Monday, April 21, 2008

Lisey's Story

Though i have read many books of different writers especially books by Stephen King, his novel 'Lisey's Story' fascinated me in a strange way. For once, Stephen King author defied my imagination as I couldnt visualize where the story plot is headed to yet every page posed a challenge and my curiosity as a reader made me want to make sense of the strangest terms that are used as intimate expressions of language such as 'blood bool' and 'babyluv' and many more. Writing books seemed to come naturally to the author.

In this novel, two hidden worlds are explored, one is the private life of a recently assassinated best-selling writer, as seen from the perspective of his widow. The second relates to imaginative landscape that is part of the reality the writer is believed to have experienced in his childhood and related it to his wife,Lisey.

Lisey is hounded after his death not just by memories but by academics, dangerously obsessed fans, and fame-struck people who just wont let her heal in peace as she sorts through her husband's numerous papers.

Her discovery of his parallel, fantasy world Boo'ya Moon is one that bafffled my understanding yet i longed to understand more of this fabled, terrorized land that Scott the deceased author sought his healing from.

It takes some time for a reader like me to understand where the story is heading to although many critics do state that this reads like a biographer's novel. It's not a straight forward kind of novel in which you can guess what is happening and what is likely to happen towards the end.

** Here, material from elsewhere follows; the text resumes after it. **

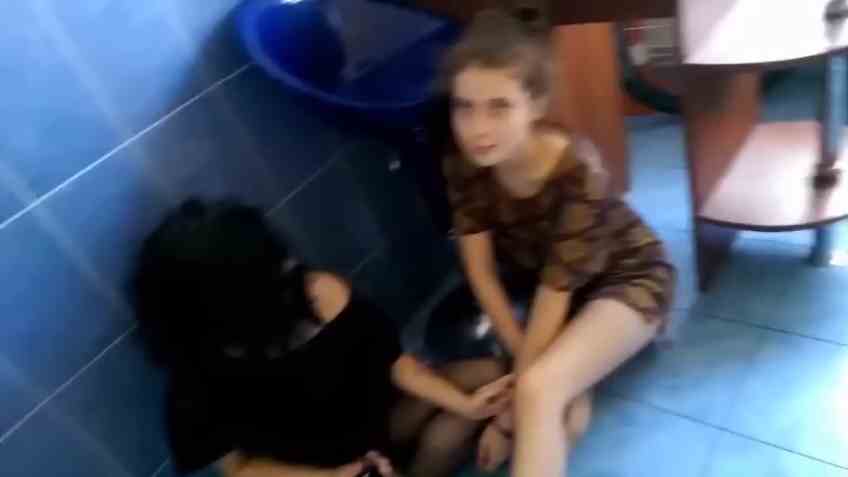 Chier, pisser et baiser – la plus épique vidéo porno russe de scat jamais réalisée – XXX scato Video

In no other Western writer's novel, the profound experience and eccentricity that a widow experiences has been so subtly and powerfully documented as she realizes that much as she wished she had met some ordinary computer engineer guy than an eccentric writer who used eccentric words, the widow finds herself unable to accept widowhood,the loss of a shared married life. In several places, the novel is chilling but its a book that defies predictability, explores new horizons of the fantasy world that may be alive in most of our sub conscious minds. I am nearing the end of this novel but i dont want to the novel to end because Lisey's life and pain and weaknesses have been travelling with me in most of my leisure hours. I have felt Lisey's confusion and trembled for her safety....i cant believe that at the end of it, the novel is over and Lisey herself is gone.